--- DATA RECORDS ---

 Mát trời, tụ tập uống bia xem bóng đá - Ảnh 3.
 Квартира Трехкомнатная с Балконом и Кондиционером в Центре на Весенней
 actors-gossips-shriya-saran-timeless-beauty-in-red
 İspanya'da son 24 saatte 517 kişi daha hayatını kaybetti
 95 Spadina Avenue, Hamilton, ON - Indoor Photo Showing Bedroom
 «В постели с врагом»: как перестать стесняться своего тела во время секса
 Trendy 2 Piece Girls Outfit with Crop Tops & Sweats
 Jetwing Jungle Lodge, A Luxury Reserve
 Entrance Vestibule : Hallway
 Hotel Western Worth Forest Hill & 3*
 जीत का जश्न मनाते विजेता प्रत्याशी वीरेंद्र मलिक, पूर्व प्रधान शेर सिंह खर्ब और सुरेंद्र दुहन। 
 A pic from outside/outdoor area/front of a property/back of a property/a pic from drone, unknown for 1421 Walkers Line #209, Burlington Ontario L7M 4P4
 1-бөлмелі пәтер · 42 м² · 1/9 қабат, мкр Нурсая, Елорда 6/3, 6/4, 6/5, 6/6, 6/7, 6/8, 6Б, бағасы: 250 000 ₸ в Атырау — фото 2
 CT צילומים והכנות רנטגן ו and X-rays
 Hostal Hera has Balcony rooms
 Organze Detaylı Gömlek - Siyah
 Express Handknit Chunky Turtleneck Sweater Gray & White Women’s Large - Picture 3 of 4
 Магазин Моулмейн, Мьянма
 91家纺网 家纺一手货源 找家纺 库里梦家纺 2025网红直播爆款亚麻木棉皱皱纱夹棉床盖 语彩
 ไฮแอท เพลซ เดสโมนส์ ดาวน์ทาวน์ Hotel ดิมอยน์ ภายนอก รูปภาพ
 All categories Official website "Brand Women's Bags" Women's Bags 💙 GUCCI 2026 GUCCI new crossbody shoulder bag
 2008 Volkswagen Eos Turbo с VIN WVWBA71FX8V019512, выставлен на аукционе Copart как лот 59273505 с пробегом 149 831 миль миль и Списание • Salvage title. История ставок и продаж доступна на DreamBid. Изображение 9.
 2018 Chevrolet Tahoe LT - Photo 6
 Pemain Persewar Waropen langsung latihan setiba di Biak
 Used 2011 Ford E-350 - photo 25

---

*YOUR ASSIGNMENT*. Your answer must be a single number: the count of lines above that hold the word "Hotel".

*ANSWER TO THIS PROBLEM*. 2